Thursday, August 16, 2012

Part of The Bounty reviewed at Galatea Resurrects!

Somehow I missed this when it happened: John Bloomberg-Rissman engages with "You're my sister" from The Bounty in Galatea Resurrects. Thanks, John, for this attentive, sensitized and thoughtful response.

The desire to feel certain about the about of a poem is one that many enthusiastic readers of poetry think we're not supposed to have or feel. There are many equally enthusiastic readers of poetry who have no problem with this desire -- but the two batches of readers usually, I suspect, prefer different batches of poems. If John's question, "[H]ow can a poem be said to hide anything, when it's nothing but itself and there's nothing but itself to read?" is read as rhetorical (i.e., the answer is "it can't" or "suck it up") this can cause us to deal with a poem on its terms rather than on the terms of our expectations, and may make it more likely that we'll be moved, changed, uprooted, shaped by it and by our efforts to work with it. It may also lead us to make guesses anyway, and then comb the poem for support for those guesses, and then feel simultaneously frustrated because we aren't sure and because we're not "supposed to" want to be sure.

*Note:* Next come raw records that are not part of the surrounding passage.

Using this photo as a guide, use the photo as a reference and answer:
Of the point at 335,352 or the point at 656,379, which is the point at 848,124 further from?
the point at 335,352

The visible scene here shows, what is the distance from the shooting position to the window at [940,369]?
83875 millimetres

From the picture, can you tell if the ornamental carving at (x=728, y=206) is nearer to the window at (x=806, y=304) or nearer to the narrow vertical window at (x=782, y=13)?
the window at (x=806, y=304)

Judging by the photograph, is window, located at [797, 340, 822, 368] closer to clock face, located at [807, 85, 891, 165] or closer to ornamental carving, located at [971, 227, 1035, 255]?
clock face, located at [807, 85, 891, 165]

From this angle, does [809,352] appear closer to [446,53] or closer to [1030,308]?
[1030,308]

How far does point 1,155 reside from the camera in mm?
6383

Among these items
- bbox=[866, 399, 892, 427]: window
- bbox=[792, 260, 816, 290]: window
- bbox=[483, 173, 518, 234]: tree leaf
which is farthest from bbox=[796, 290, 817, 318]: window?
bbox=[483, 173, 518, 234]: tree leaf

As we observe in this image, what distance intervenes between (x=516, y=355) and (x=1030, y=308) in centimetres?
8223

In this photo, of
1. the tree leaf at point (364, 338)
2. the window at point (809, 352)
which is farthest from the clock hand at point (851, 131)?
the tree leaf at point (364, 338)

Treating John's question as real rather than rhetorical leads me to this response: in some poems, much prose, and the various kinds of functional language we use in everyday speech and communication, the about is separable from the words that make it up. A reader can paraphrase it, can summarize it. In other work, including a lot of mine, entwines the about with the language -- its stresses, its sounds, its evocations -- calling attention to the way they create each other. John also writes of a sequence in my poem, "I can't parse this ... but I can feel it," and this is, I think, often what we're left with when we read a poem whose about is not easily disentangled from the words that create it. The about may be biographical. It may be procedural, based in method. A poem may even be about what John describes as the "surface" it creates. Enthusiastic readers of poetry may be open to reading a poem in all of these ways, and to getting pleasure or provocation from some of them if all are not available.

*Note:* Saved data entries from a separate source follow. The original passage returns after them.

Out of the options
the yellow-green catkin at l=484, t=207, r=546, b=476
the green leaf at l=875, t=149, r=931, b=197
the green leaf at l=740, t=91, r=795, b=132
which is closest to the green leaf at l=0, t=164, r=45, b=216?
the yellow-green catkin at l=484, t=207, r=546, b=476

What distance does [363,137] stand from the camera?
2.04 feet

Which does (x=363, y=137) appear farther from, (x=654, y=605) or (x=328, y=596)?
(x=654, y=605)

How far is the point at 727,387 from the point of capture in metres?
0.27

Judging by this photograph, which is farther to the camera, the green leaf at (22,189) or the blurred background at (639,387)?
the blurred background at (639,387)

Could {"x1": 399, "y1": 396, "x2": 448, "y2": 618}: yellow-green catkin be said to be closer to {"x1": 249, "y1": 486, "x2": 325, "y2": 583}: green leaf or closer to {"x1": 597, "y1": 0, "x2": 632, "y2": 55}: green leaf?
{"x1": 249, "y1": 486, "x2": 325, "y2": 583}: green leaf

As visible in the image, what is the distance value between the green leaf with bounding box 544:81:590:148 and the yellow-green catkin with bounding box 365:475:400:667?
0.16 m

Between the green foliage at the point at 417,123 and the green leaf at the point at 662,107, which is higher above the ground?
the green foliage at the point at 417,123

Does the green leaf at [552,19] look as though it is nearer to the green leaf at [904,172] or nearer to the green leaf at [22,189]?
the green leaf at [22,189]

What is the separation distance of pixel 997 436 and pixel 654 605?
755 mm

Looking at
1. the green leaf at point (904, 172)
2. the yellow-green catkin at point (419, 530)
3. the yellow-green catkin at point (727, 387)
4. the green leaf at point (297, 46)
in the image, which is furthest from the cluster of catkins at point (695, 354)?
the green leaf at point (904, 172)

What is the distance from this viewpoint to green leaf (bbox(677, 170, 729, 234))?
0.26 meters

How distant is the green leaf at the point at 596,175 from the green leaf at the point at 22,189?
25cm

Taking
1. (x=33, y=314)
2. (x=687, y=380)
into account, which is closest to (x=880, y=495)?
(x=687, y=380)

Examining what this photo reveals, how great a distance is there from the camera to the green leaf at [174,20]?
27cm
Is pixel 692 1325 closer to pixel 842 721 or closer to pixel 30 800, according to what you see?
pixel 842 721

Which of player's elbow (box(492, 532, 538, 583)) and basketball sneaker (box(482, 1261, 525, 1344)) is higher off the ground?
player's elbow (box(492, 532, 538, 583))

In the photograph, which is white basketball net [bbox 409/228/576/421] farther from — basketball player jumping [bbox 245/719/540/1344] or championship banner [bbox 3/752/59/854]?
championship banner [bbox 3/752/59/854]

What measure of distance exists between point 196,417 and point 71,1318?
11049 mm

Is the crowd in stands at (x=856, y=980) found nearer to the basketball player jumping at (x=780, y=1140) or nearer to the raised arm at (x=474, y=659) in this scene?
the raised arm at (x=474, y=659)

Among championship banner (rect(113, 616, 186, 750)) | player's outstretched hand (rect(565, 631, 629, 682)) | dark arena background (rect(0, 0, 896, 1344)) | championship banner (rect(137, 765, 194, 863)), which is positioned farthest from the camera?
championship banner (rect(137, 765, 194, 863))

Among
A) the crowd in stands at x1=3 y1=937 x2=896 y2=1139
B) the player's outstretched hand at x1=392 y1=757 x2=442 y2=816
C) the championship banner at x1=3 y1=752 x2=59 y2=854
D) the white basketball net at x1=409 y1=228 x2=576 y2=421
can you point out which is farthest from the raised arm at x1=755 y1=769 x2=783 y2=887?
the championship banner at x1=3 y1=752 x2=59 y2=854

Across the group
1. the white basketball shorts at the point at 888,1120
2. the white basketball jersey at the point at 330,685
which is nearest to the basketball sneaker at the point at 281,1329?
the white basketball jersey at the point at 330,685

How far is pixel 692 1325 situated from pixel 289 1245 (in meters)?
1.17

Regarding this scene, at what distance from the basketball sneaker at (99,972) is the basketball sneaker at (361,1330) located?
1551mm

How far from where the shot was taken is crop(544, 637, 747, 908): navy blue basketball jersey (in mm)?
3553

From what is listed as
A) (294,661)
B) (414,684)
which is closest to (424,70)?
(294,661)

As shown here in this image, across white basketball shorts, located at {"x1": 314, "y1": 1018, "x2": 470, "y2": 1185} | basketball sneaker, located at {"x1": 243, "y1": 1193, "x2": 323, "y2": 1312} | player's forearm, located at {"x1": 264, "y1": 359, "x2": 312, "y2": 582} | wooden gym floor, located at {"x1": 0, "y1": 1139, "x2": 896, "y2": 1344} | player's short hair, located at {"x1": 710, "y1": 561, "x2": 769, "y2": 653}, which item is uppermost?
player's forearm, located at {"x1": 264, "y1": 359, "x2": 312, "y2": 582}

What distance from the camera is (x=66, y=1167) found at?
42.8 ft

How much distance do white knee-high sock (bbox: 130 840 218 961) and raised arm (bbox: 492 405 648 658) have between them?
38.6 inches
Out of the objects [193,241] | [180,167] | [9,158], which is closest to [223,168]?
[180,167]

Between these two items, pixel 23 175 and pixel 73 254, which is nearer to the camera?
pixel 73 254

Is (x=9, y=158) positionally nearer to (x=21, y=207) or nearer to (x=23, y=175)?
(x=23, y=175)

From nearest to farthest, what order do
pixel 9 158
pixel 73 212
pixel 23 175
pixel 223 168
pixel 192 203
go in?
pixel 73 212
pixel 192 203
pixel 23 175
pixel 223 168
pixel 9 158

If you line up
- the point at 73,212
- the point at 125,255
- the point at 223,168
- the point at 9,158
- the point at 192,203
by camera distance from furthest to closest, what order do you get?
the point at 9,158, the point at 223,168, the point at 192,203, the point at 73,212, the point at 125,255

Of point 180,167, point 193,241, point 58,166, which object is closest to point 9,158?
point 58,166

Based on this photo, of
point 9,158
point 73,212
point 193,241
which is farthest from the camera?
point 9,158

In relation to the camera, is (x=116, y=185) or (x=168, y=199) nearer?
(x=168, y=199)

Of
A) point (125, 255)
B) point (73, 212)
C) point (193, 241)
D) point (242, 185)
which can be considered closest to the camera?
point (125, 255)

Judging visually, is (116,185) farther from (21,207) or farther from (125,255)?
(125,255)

But I don't believe there's any shame in wanting to know the about. John writes, "I have an unfortunate tendency to attempt to find meaning in much of what I see." I disagree that that tendency is unfortunate! It's one of many ways to read and build (or tear down, maybe) your thinking with what you read. What would be unfortunate is if a reader were unable to engage with a poem in any way because they couldn't engage that way. If they were to say, "This isn't giving me what I want, so it can't possibly have anything to give me," and give up.

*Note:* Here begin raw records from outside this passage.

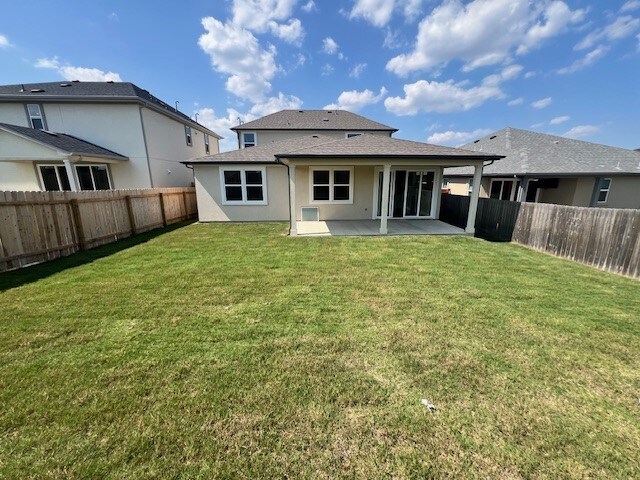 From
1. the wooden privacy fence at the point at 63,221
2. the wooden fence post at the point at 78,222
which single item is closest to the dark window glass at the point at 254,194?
the wooden privacy fence at the point at 63,221

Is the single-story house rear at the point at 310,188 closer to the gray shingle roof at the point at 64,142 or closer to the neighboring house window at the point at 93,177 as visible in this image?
the gray shingle roof at the point at 64,142

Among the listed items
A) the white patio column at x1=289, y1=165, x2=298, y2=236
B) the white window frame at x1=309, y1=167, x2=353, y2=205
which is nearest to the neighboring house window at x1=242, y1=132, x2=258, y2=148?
the white window frame at x1=309, y1=167, x2=353, y2=205

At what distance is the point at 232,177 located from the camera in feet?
41.5

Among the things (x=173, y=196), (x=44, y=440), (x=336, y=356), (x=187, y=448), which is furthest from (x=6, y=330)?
(x=173, y=196)

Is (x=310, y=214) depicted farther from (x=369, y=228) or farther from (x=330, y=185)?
(x=369, y=228)

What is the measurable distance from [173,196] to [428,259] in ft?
38.7

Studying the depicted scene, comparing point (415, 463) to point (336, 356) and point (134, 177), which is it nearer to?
point (336, 356)

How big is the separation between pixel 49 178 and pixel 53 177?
0.76 ft

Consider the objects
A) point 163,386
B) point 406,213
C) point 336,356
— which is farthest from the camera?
point 406,213

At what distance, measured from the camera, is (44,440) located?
2.14 metres

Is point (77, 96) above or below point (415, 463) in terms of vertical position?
above

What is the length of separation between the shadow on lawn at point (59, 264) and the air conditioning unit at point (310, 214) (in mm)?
5915

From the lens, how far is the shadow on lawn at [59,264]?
5473 millimetres

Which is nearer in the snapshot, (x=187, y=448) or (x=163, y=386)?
(x=187, y=448) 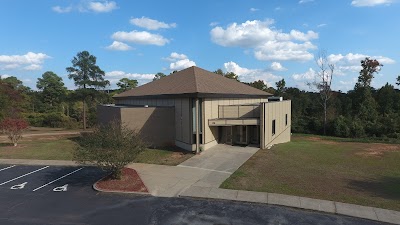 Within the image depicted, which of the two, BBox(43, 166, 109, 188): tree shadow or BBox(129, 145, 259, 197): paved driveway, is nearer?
BBox(129, 145, 259, 197): paved driveway

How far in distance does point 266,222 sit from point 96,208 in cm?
716

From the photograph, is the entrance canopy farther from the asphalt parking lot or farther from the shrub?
the shrub

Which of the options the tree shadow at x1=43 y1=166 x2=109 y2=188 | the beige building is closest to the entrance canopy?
the beige building

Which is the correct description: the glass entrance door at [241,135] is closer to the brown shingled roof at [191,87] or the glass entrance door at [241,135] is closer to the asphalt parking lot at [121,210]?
the brown shingled roof at [191,87]

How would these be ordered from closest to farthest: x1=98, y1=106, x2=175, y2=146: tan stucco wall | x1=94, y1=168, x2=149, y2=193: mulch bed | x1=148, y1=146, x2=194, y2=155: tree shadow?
x1=94, y1=168, x2=149, y2=193: mulch bed → x1=148, y1=146, x2=194, y2=155: tree shadow → x1=98, y1=106, x2=175, y2=146: tan stucco wall

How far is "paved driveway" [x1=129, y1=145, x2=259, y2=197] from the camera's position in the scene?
1542 centimetres

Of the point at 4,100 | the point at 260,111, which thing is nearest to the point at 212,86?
the point at 260,111

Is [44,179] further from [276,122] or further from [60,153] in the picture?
[276,122]

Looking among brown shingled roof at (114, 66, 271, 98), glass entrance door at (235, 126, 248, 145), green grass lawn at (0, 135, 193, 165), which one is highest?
brown shingled roof at (114, 66, 271, 98)

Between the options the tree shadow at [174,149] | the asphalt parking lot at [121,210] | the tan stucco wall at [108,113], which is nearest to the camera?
the asphalt parking lot at [121,210]

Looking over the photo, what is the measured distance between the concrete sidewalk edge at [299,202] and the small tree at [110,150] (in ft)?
12.7

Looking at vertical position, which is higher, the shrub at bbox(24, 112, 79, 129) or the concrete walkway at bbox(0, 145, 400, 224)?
the shrub at bbox(24, 112, 79, 129)

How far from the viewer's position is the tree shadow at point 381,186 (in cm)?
1421

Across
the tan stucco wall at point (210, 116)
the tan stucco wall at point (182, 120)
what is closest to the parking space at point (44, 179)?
the tan stucco wall at point (182, 120)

That doesn't seem at all to be what John has done here. He's not comfortable on this poem's quaking ground, and in this response, at least, he resists building a platform to stand on (to keep on with the bog analogy) because he's concerned that all the pieces of the platform might be coming from him, not from the poem. That's brave. I do want to ask a question in return: what would happen, John, if they did come mostly from you? If you said, "Here's the scene I see in this poem, here's the impression I take away?"

He wrote, "I actually want to apologize to Schapira if I'm doing her poem too much violence." I don't accept that apology because I don't think that's possible. You can be wrong about what made someone write a poem, you can be mistaken about its references, you can be off-base about its ethics or dull to its atmosphere, you can fail to pick up its rhythms or miss some of its layers, but I don't think you can hurt the poem by doing that. When we read, we build a version of what we've read into our mind. We change it, and that's true (maybe more true?) even of the most paraphasable, summarizable writing that exists. But the writing itself is still there. I'm not saying "every interpretation is correct", because I don't think that's true. I'm saying that it will often happen, probably, if you (general "you") love to read, that you'll want something from a piece of writing that it doesn't give you. That in itself doesn't make the writing bad. But it doesn't make you bad either. What you do next can change your experience: you can see it as a reason to shut down -- and a person can't read everything, I get that -- or you can see it as a possibility, an opening.

John, I value so much your (specific "your") generous and speculative approach to this poem of mine. If you want actual, biographical answers to some of your other questions, you could email me at my gmail address, publiclycomplex -- but what you've written here suggests that you value the questions as well, so it's up to you. One thing I can tell you that you're right about: the love is unbreakably deep.